About this exercise:
Output exactly, in the material below, the lines from the one with "information-on-stomach-gastric-cancer" through the one with "جراح بینی تبریز - دکتر رشدی". Omit all pictures.

Top of Records shown

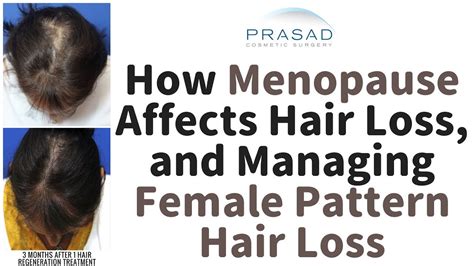How Pattern Hair Loss Increases In Women Over 50 And How Menopause Can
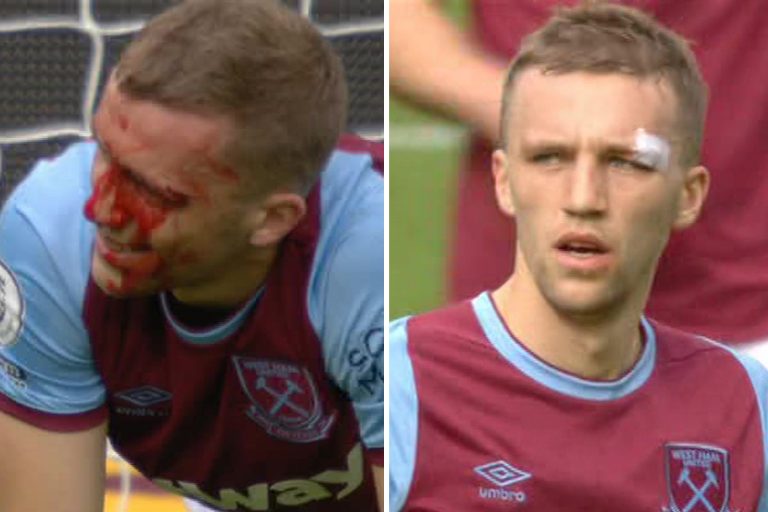 Tomas Soucek covered in blood after gruesome head clash with Sanchez but returns to pitch just seven…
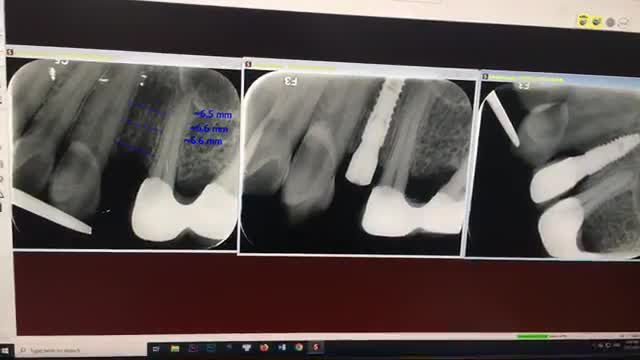 Lắp răng implant R24 cho anh Hanh tại Nha Khoa Thuỳ Anh.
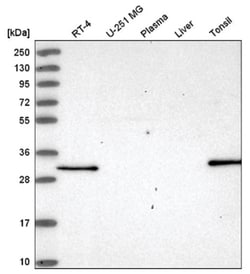 NSMCE4A Antibody, Novus Biologicals 25 &mu;L:Antibodies, Polyclonal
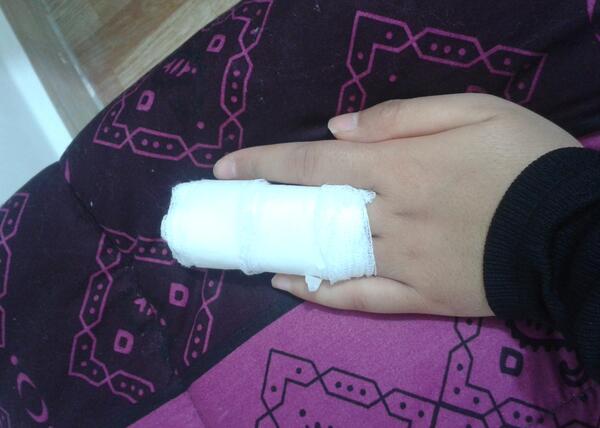 عکس فیک دست زخم شده دختر
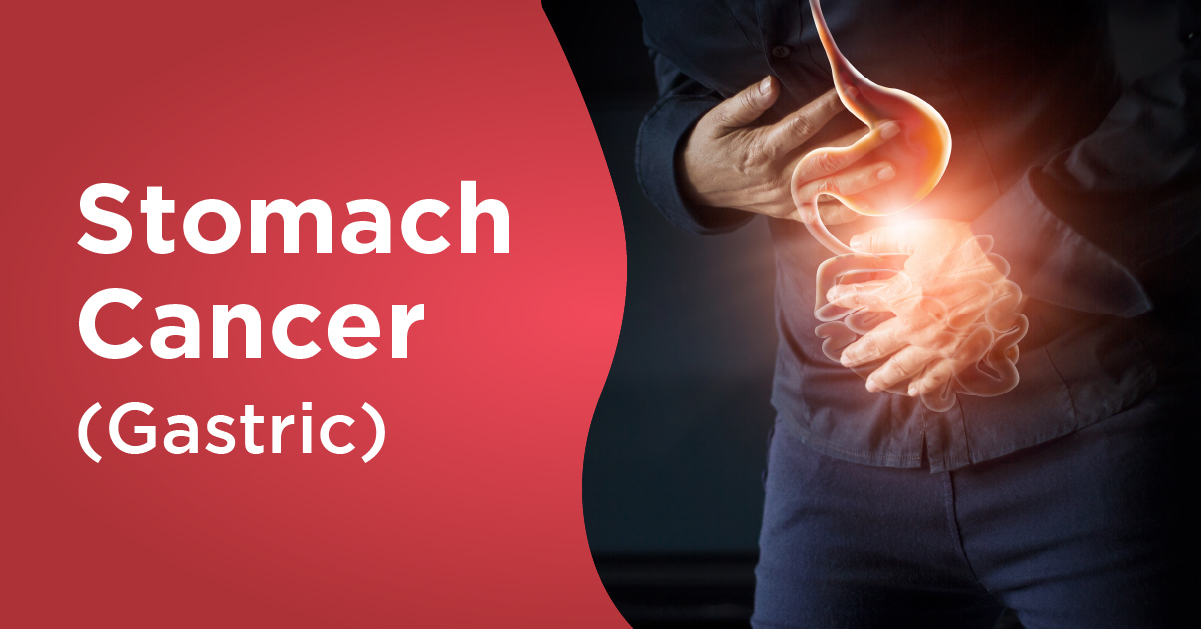 information-on-stomach-gastric-cancer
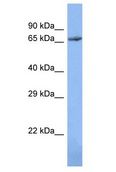 ZNF12 Antibody - ZNF12 antibody Western Blot of 721_B. Antibody dilution: 1 ug/ml.  This image was taken for the unconjugated form of this product. Other forms have not been tested.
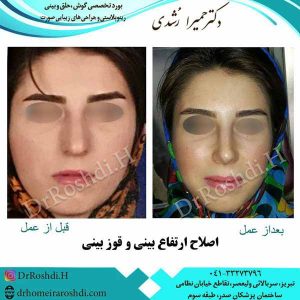 جراح بینی تبریز - دکتر رشدی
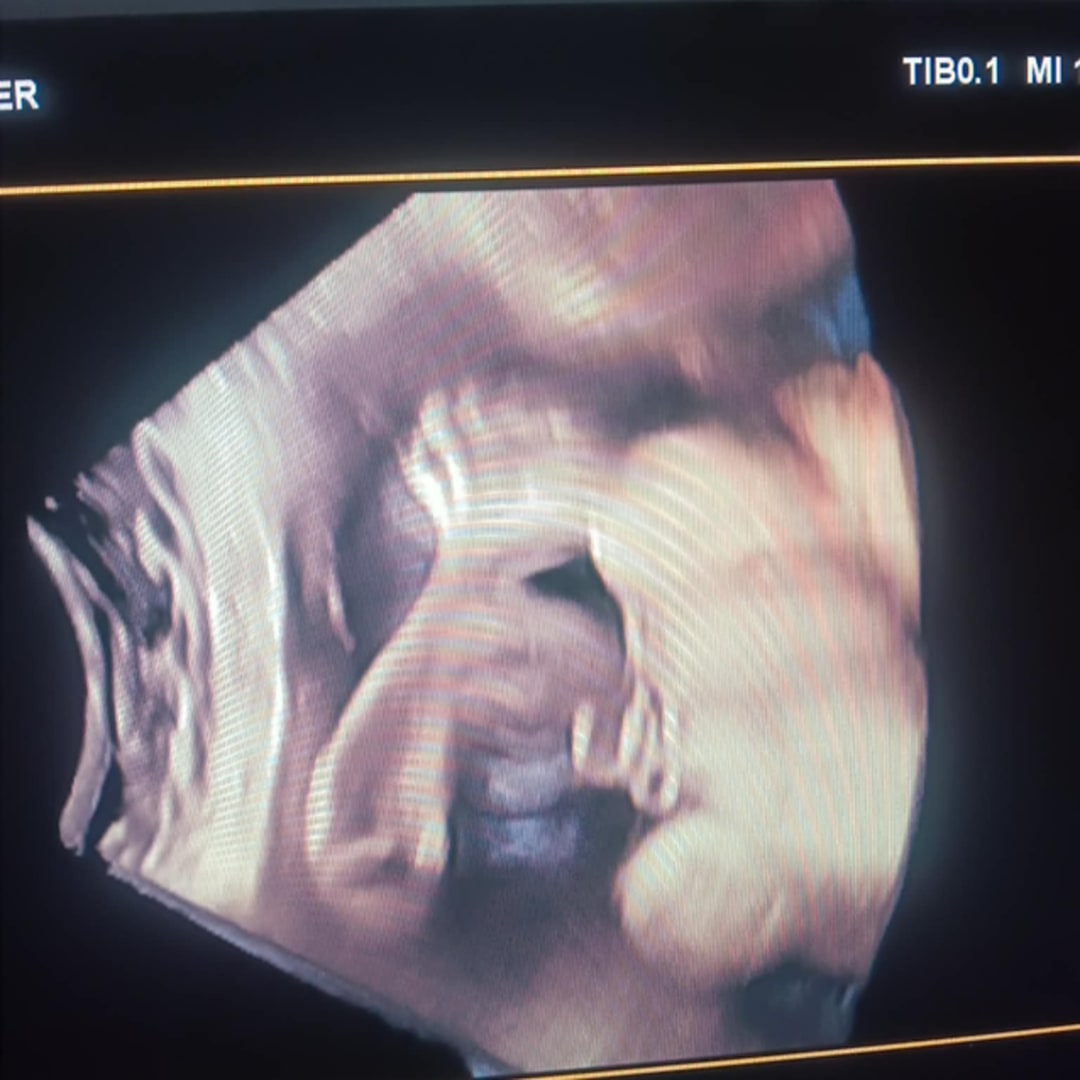 Photo shared by Gretchan for their Babylist baby registry.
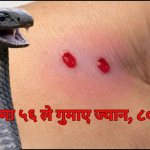 बर्खा र गर्मीसँगै सर्पदंशको उच्च जोखिम
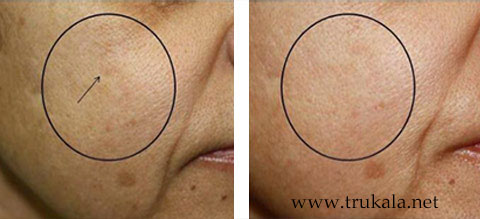 دستگاه پلاژن سه هندپیس Pollogen OxyGeneo - تروکالا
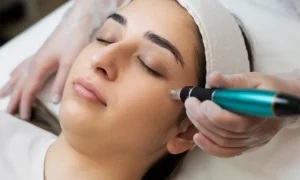 Read more about the article What to Do After Microneedling: An Aftercare Guide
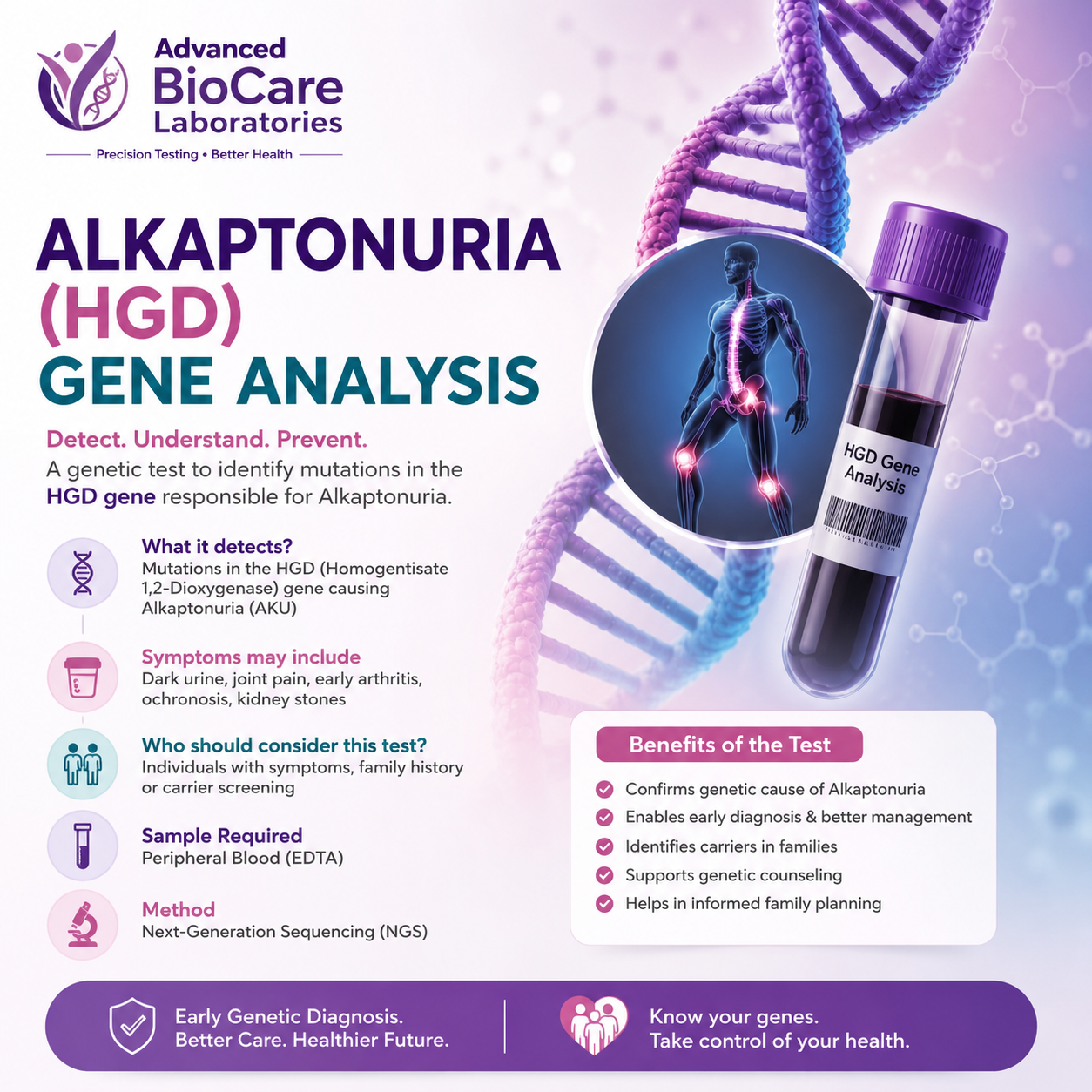 Alkaptonuria(HGD) gene analysis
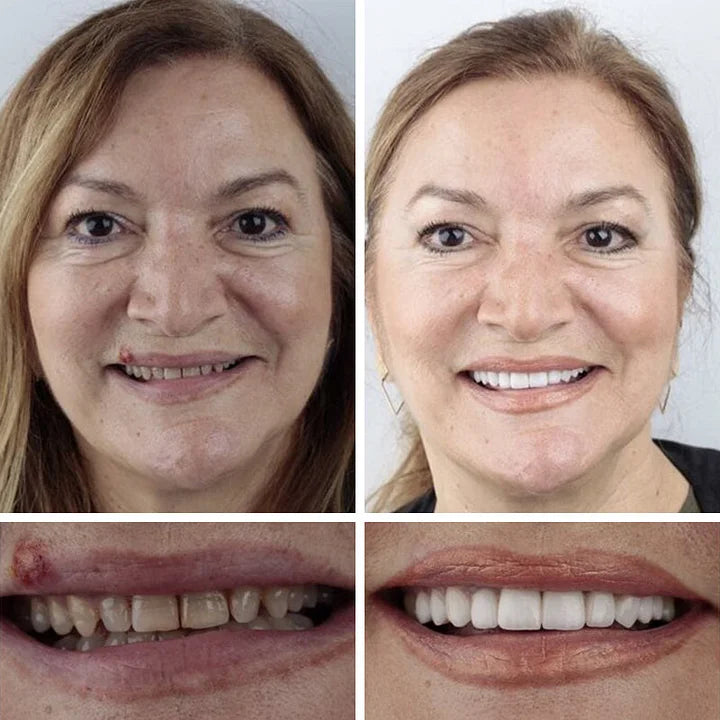 🔥Ends Today: 70% OFF!(Affordable Beauty🧏♀️🧏♂️)--KLENIMORE™ --Advanced Customized Full Denture Set🦷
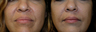 Facial Filler:  Before and After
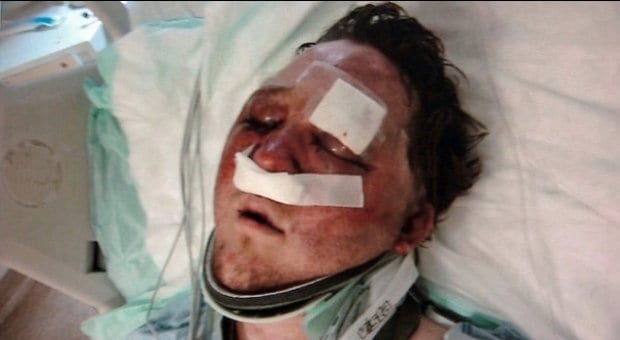 Gay North Texas man beaten after meeting teen through app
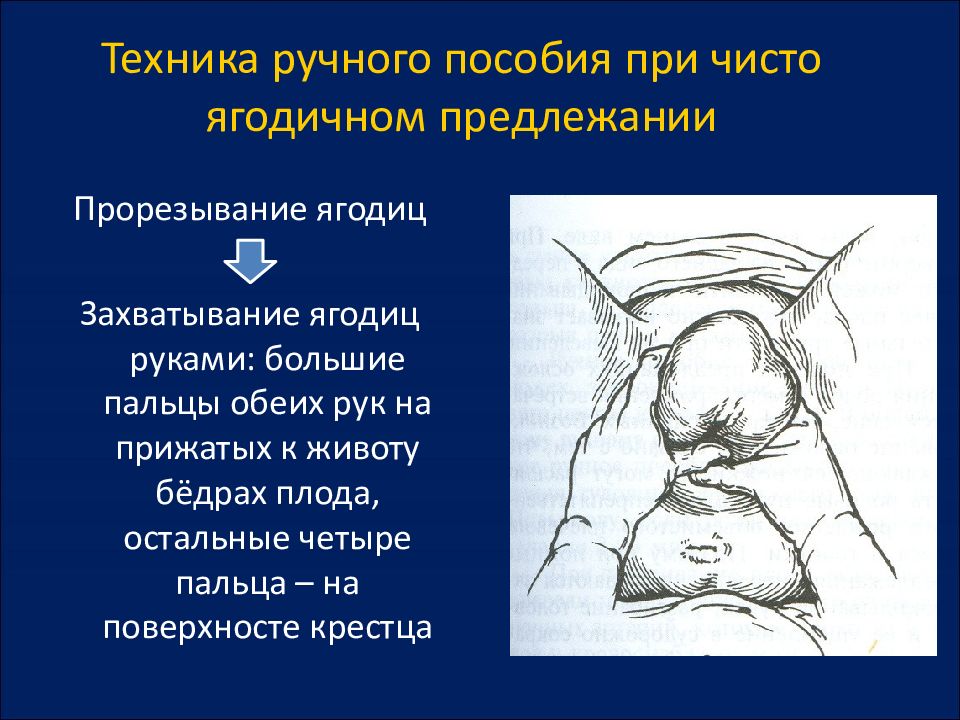 Ручное пособие по цовьянову. Ручное пособие по Цовьянову при тазовом предлежании. Пособие по Цовьянову при ягодичном предлежании. Ручное пособие по Цовьянову при чисто ягодичном предлежании. Пособие при ножном предлежании.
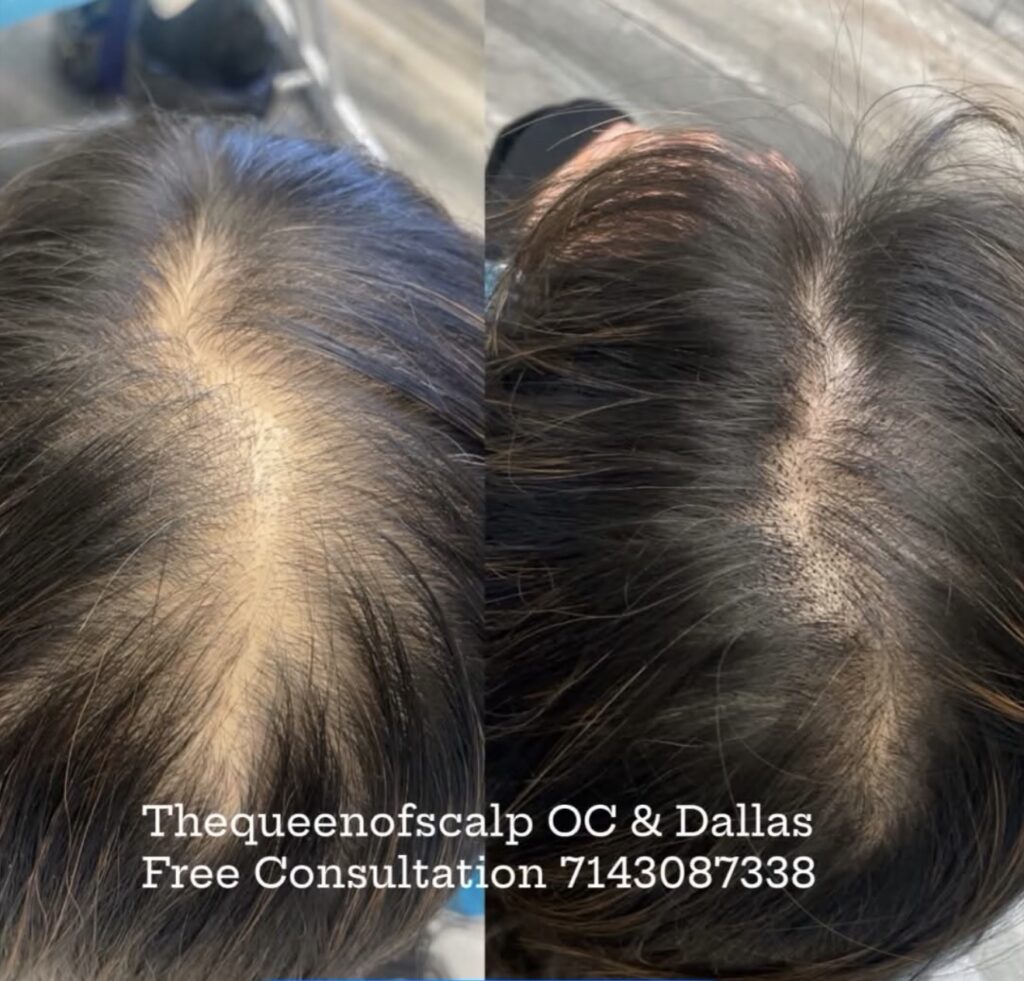 SMP Hair Clinic The Queen Of Scalp gallery photo
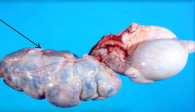 This is seen on PM of a ram with enlarged scrotum. Dx?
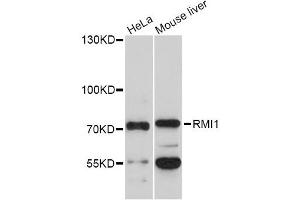 Western blot analysis of extracts of various cell lines, using RMI1 Antibody (ABIN1874612) at 1:1000 dilution. (RMI1 antibody)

Bottom of Records shown

Written answer:
 information-on-stomach-gastric-cancer
 ZNF12 Antibody - ZNF12 antibody Western Blot of 721_B. Antibody dilution: 1 ug/ml.  This image was taken for the unconjugated form of this product. Other forms have not been tested.
 جراح بینی تبریز - دکتر رشدی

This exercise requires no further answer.